• _GOAL OF THE EXERCISE_:
An identical copy of all records below is to be written out.

[PROVIDED DATA — start]

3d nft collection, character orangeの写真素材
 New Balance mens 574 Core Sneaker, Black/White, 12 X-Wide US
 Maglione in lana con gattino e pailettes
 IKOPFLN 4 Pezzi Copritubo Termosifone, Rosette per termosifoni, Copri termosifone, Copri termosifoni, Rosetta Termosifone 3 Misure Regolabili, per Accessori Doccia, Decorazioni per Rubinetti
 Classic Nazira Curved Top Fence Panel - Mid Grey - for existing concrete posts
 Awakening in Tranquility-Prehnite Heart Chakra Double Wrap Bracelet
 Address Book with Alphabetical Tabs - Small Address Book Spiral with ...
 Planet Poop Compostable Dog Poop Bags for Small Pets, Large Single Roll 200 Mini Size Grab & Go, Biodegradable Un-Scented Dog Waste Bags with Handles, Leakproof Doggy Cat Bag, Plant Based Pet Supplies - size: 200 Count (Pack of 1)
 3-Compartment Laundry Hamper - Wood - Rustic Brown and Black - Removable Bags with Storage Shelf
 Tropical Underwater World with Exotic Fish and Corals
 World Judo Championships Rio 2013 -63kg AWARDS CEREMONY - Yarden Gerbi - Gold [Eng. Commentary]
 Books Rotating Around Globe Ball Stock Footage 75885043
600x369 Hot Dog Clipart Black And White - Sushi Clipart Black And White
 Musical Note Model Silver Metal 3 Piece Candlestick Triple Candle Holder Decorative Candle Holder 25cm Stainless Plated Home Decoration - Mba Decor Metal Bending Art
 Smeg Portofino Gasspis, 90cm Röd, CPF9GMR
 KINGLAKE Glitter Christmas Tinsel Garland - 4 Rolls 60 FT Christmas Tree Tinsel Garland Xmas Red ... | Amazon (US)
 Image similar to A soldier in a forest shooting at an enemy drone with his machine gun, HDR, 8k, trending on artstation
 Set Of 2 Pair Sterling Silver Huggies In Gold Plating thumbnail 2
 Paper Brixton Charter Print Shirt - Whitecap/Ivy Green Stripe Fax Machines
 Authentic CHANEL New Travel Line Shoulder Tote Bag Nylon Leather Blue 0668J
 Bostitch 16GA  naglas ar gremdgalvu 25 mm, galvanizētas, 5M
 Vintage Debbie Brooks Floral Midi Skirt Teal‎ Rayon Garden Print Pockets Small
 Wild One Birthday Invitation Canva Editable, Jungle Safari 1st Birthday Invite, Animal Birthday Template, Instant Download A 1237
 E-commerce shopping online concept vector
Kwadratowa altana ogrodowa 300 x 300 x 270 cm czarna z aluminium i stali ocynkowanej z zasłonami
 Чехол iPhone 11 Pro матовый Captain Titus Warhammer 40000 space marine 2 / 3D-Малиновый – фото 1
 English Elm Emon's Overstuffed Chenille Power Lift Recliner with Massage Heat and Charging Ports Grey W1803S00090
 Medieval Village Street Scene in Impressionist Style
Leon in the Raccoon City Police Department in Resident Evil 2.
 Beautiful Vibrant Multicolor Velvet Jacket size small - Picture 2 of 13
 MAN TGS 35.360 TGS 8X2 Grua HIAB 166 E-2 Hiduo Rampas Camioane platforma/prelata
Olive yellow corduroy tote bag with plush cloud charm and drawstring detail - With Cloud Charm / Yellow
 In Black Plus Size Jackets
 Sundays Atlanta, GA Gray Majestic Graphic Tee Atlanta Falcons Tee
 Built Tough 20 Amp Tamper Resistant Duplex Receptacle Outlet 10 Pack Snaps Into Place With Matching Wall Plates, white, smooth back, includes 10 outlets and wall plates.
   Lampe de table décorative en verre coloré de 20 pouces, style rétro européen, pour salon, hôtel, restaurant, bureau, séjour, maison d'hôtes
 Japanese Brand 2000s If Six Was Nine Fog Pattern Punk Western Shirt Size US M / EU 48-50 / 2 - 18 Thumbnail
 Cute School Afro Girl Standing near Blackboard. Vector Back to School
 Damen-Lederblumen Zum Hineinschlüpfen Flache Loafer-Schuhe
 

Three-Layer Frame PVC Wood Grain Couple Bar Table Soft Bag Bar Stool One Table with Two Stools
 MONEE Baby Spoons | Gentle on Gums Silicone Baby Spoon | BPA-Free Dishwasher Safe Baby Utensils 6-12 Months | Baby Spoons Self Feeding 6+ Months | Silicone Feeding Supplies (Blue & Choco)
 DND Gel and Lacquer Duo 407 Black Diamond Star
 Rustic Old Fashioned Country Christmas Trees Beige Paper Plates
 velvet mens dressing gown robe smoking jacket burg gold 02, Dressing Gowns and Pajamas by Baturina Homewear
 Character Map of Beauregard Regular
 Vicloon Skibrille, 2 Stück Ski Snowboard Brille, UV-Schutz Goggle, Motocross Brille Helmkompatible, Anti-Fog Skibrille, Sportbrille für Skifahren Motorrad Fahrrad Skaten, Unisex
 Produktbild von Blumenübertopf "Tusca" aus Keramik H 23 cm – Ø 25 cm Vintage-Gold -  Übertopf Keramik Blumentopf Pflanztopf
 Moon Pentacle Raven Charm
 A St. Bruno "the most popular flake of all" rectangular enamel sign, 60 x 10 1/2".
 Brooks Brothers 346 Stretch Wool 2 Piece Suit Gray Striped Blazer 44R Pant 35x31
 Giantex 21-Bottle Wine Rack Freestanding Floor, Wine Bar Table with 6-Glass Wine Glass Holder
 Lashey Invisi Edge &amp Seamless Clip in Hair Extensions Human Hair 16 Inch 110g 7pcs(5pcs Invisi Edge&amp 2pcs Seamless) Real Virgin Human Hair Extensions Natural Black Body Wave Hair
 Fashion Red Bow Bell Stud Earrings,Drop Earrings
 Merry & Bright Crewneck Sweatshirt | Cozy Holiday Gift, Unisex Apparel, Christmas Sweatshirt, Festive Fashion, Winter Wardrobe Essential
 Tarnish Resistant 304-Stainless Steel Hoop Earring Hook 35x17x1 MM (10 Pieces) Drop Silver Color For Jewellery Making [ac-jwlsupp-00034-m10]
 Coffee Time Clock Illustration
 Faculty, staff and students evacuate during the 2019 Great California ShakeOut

[PROVIDED DATA — finish]

• _SOLUTION TO THIS EXERCISE_:
3d nft collection, character orangeの写真素材
 New Balance mens 574 Core Sneaker, Black/White, 12 X-Wide US
 Maglione in lana con gattino e pailettes
 IKOPFLN 4 Pezzi Copritubo Termosifone, Rosette per termosifoni, Copri termosifone, Copri termosifoni, Rosetta Termosifone 3 Misure Regolabili, per Accessori Doccia, Decorazioni per Rubinetti
 Classic Nazira Curved Top Fence Panel - Mid Grey - for existing concrete posts
 Awakening in Tranquility-Prehnite Heart Chakra Double Wrap Bracelet
 Address Book with Alphabetical Tabs - Small Address Book Spiral with ...
 Planet Poop Compostable Dog Poop Bags for Small Pets, Large Single Roll 200 Mini Size Grab & Go, Biodegradable Un-Scented Dog Waste Bags with Handles, Leakproof Doggy Cat Bag, Plant Based Pet Supplies - size: 200 Count (Pack of 1)
 3-Compartment Laundry Hamper - Wood - Rustic Brown and Black - Removable Bags with Storage Shelf
 Tropical Underwater World with Exotic Fish and Corals
 World Judo Championships Rio 2013 -63kg AWARDS CEREMONY - Yarden Gerbi - Gold [Eng. Commentary]
 Books Rotating Around Globe Ball Stock Footage 75885043
600x369 Hot Dog Clipart Black And White - Sushi Clipart Black And White
 Musical Note Model Silver Metal 3 Piece Candlestick Triple Candle Holder Decorative Candle Holder 25cm Stainless Plated Home Decoration - Mba Decor Metal Bending Art
 Smeg Portofino Gasspis, 90cm Röd, CPF9GMR
 KINGLAKE Glitter Christmas Tinsel Garland - 4 Rolls 60 FT Christmas Tree Tinsel Garland Xmas Red ... | Amazon (US)
 Image similar to A soldier in a forest shooting at an enemy drone with his machine gun, HDR, 8k, trending on artstation
 Set Of 2 Pair Sterling Silver Huggies In Gold Plating thumbnail 2
 Paper Brixton Charter Print Shirt - Whitecap/Ivy Green Stripe Fax Machines
 Authentic CHANEL New Travel Line Shoulder Tote Bag Nylon Leather Blue 0668J
 Bostitch 16GA  naglas ar gremdgalvu 25 mm, galvanizētas, 5M
 Vintage Debbie Brooks Floral Midi Skirt Teal‎ Rayon Garden Print Pockets Small
 Wild One Birthday Invitation Canva Editable, Jungle Safari 1st Birthday Invite, Animal Birthday Template, Instant Download A 1237
 E-commerce shopping online concept vector
Kwadratowa altana ogrodowa 300 x 300 x 270 cm czarna z aluminium i stali ocynkowanej z zasłonami
 Чехол iPhone 11 Pro матовый Captain Titus Warhammer 40000 space marine 2 / 3D-Малиновый – фото 1
 English Elm Emon's Overstuffed Chenille Power Lift Recliner with Massage Heat and Charging Ports Grey W1803S00090
 Medieval Village Street Scene in Impressionist Style
Leon in the Raccoon City Police Department in Resident Evil 2.
 Beautiful Vibrant Multicolor Velvet Jacket size small - Picture 2 of 13
 MAN TGS 35.360 TGS 8X2 Grua HIAB 166 E-2 Hiduo Rampas Camioane platforma/prelata
Olive yellow corduroy tote bag with plush cloud charm and drawstring detail - With Cloud Charm / Yellow
 In Black Plus Size Jackets
 Sundays Atlanta, GA Gray Majestic Graphic Tee Atlanta Falcons Tee
 Built Tough 20 Amp Tamper Resistant Duplex Receptacle Outlet 10 Pack Snaps Into Place With Matching Wall Plates, white, smooth back, includes 10 outlets and wall plates.
   Lampe de table décorative en verre coloré de 20 pouces, style rétro européen, pour salon, hôtel, restaurant, bureau, séjour, maison d'hôtes
 Japanese Brand 2000s If Six Was Nine Fog Pattern Punk Western Shirt Size US M / EU 48-50 / 2 - 18 Thumbnail
 Cute School Afro Girl Standing near Blackboard. Vector Back to School
 Damen-Lederblumen Zum Hineinschlüpfen Flache Loafer-Schuhe
 

Three-Layer Frame PVC Wood Grain Couple Bar Table Soft Bag Bar Stool One Table with Two Stools
 MONEE Baby Spoons | Gentle on Gums Silicone Baby Spoon | BPA-Free Dishwasher Safe Baby Utensils 6-12 Months | Baby Spoons Self Feeding 6+ Months | Silicone Feeding Supplies (Blue & Choco)
 DND Gel and Lacquer Duo 407 Black Diamond Star
 Rustic Old Fashioned Country Christmas Trees Beige Paper Plates
 velvet mens dressing gown robe smoking jacket burg gold 02, Dressing Gowns and Pajamas by Baturina Homewear
 Character Map of Beauregard Regular
 Vicloon Skibrille, 2 Stück Ski Snowboard Brille, UV-Schutz Goggle, Motocross Brille Helmkompatible, Anti-Fog Skibrille, Sportbrille für Skifahren Motorrad Fahrrad Skaten, Unisex
 Produktbild von Blumenübertopf "Tusca" aus Keramik H 23 cm – Ø 25 cm Vintage-Gold -  Übertopf Keramik Blumentopf Pflanztopf
 Moon Pentacle Raven Charm
 A St. Bruno "the most popular flake of all" rectangular enamel sign, 60 x 10 1/2".
 Brooks Brothers 346 Stretch Wool 2 Piece Suit Gray Striped Blazer 44R Pant 35x31
 Giantex 21-Bottle Wine Rack Freestanding Floor, Wine Bar Table with 6-Glass Wine Glass Holder
 Lashey Invisi Edge &amp Seamless Clip in Hair Extensions Human Hair 16 Inch 110g 7pcs(5pcs Invisi Edge&amp 2pcs Seamless) Real Virgin Human Hair Extensions Natural Black Body Wave Hair
 Fashion Red Bow Bell Stud Earrings,Drop Earrings
 Merry & Bright Crewneck Sweatshirt | Cozy Holiday Gift, Unisex Apparel, Christmas Sweatshirt, Festive Fashion, Winter Wardrobe Essential
 Tarnish Resistant 304-Stainless Steel Hoop Earring Hook 35x17x1 MM (10 Pieces) Drop Silver Color For Jewellery Making [ac-jwlsupp-00034-m10]
 Coffee Time Clock Illustration
 Faculty, staff and students evacuate during the 2019 Great California ShakeOut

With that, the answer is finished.